7. Don't think: "If I'll just sleep with him, I'll get his love." What ends up happening, the guy uses you and then leaves, and you'll be hurt more than before. You can't force a guy to love you by giving him your body. He may like your body, but not you. Do you want someone to love your boobs, but not your personality, likes and dislikes. No girl likes to be treated like an object. You're not a mere body - you have a soul, heart, and mind. You truly want to be loved as a complete human being. Wait for the right person to love you wholly as you are.  Men are a weird species. They think with their pole and two cup hooks. Sex to them is a priority to, as I quote from one discussion with the best mate of my husband, porn is a neccessity to let off steam when they can't get it. Oh brother. Yada yada ya and all that whoo ha. So that gives them a free card to turn to big whooping boobies and shaved fannies on the internet. It gives them the right to go photographing woman's bottoms. NO. If he loves you, he won't go sticking his eyeballs somewhere else. End of. The prick of a best friend said I was an idiot and not living in reality. No mate. Reality is this. I deserve better. I don't go round intentionally eyeballing or photographiing men's crotches if I love someone.  I was the one who got blamed for my husband photographing woman's bottoms because I stood up for myself and said, No - I'm not going to stand up with your shit for any longer. And I took that blame on for a long period until I realised I was being used as a scapegoat and if I didn't stick up for myself I would allow him to carry on using me as his scapegoat.

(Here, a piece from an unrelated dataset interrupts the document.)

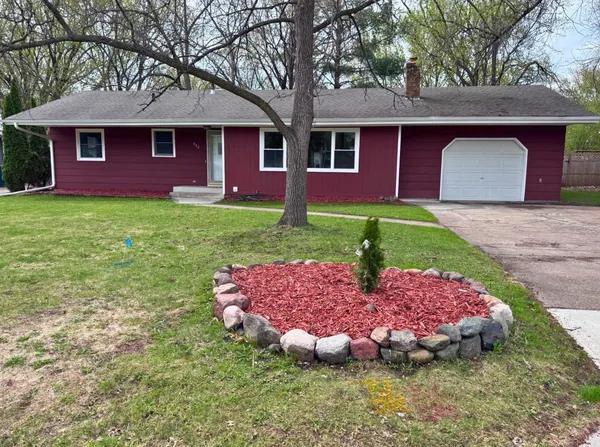 $375,000 | 900 Green Street, Hudson, WI 54016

8. Don't waste time with someone who can't love you for who you are. Move on. You deserve better.  Love yourself. Love the world. But don't keep loving someone who treats you like a crock of shit. Doing the dishes or things, bringing you coffee doesn't count. They are purely cosmetic. If he loves you, he will stand up for you. Don't keep standing up for someone when they can't do the same for you. I spent the last four months standing up for somone and then shit hit me in the face when I realised he never did the same for me. He just used me as his scapegoat. End of. He can wash his own dishes. He can go wank off somewhere else. I'm not a scapegoat. I deserve better. Yup, I may hit rock bottom, but at least I have me. That's all that matters. Because I know that when I fall off that bike and land face first in the snow, I can say to myself, you just get back up on that bike and start peddling again. There will be people that want me to fall and never get back up again. There will be no tears. You just pick yourself up woman, stick that head back on your shoulders and tell them Mama don't take no shit. They can stick that up their pipe of shame and smoke it. They don't matter. You have the ability to sort yourself out woman if you believe in yourself. And looking at the 37 years of my life, by heck. I have emotionally been through alot and by heck made it to the end of the tunnel.  There is always light. You just have to believe in yourself to find it. Don't let anyone put you down think you are incapable of finding that light without them.

9. Admit you pick your nose and eat it. Everyone does - they are just to scared to admit it.